[Supplied material — start]

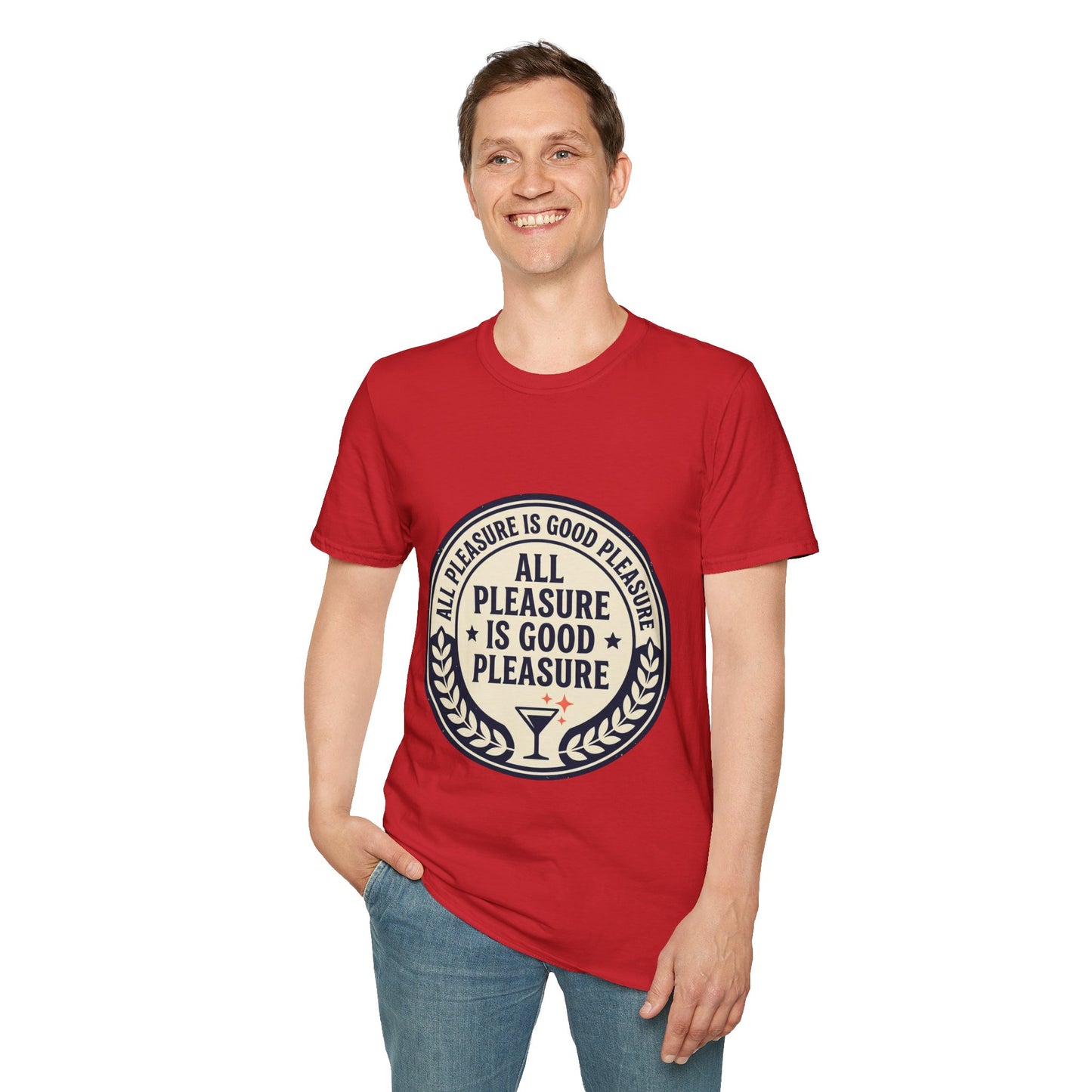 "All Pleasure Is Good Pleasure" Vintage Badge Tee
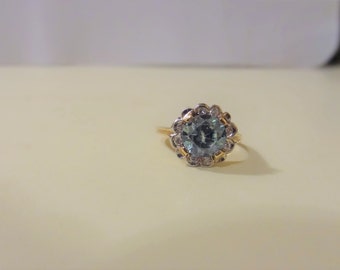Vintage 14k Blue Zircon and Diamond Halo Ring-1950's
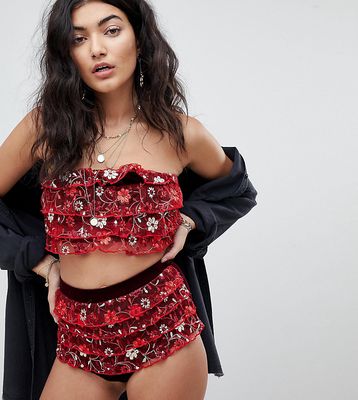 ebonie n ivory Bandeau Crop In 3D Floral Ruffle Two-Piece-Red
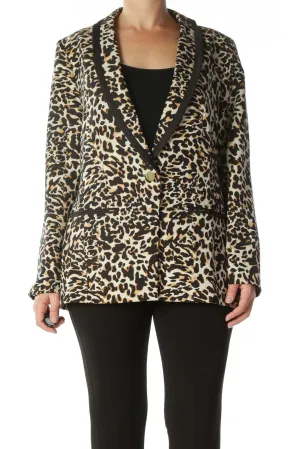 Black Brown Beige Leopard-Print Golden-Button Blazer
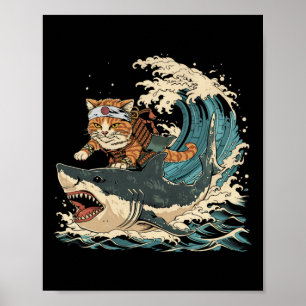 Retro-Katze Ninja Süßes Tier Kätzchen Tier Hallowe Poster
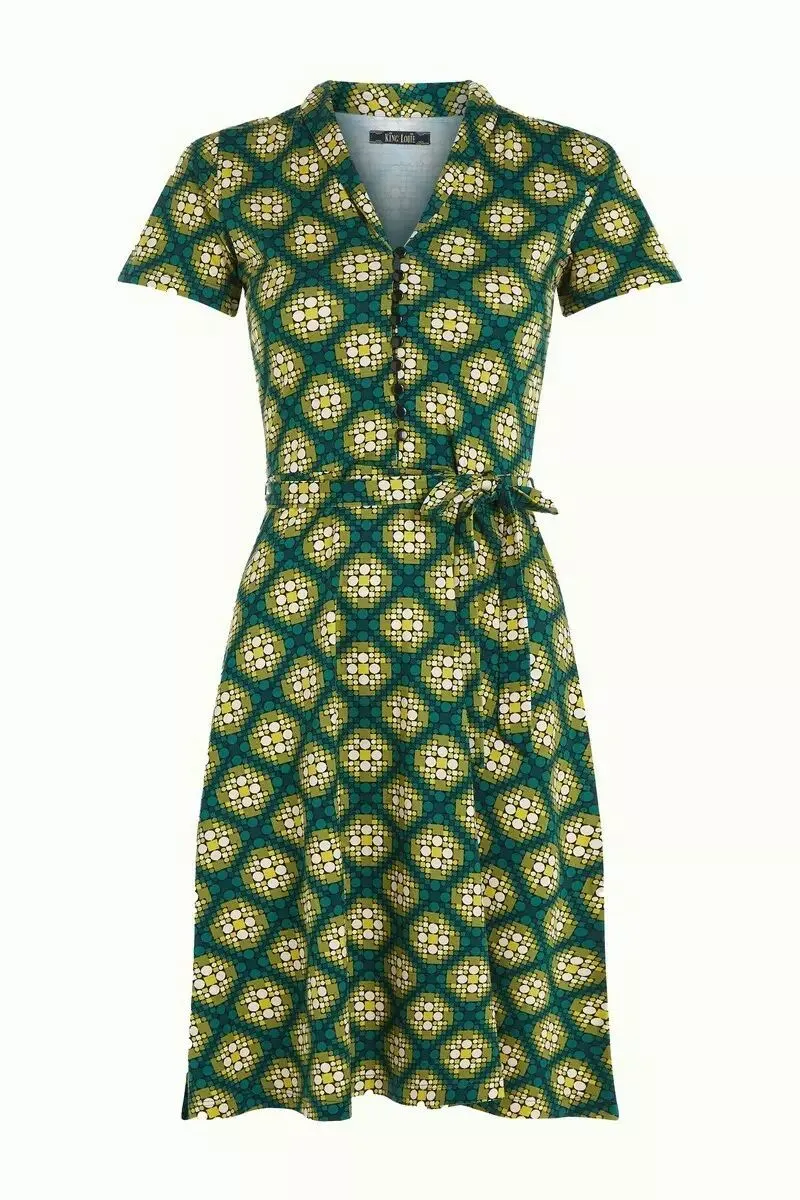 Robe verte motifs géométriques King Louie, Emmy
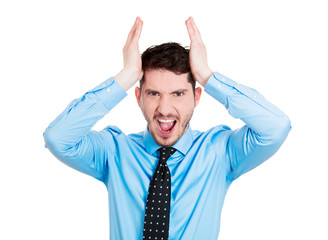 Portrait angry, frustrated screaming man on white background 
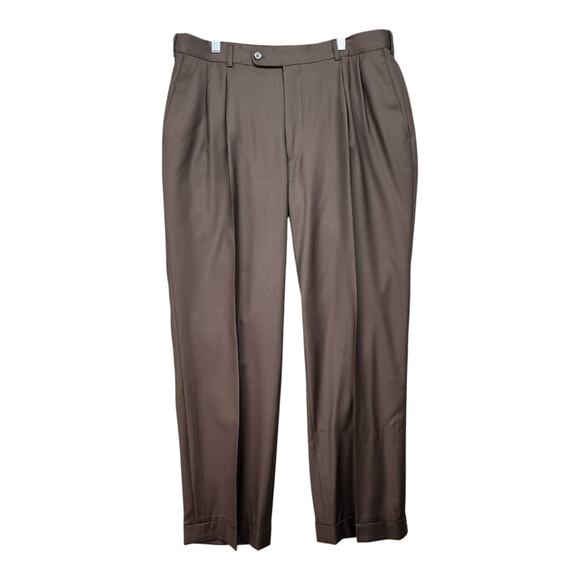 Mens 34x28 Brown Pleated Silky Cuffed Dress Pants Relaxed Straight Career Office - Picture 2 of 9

[Supplied material — finish]

Exercise » To answer, repeat exactly the lines from the line containing "Black Brown Beige" through the last line of the data above, leaving out all pictures.

Response area »
 Black Brown Beige Leopard-Print Golden-Button Blazer
 Retro-Katze Ninja Süßes Tier Kätzchen Tier Hallowe Poster
 Robe verte motifs géométriques King Louie, Emmy
 Portrait angry, frustrated screaming man on white background 
 Mens 34x28 Brown Pleated Silky Cuffed Dress Pants Relaxed Straight Career Office - Picture 2 of 9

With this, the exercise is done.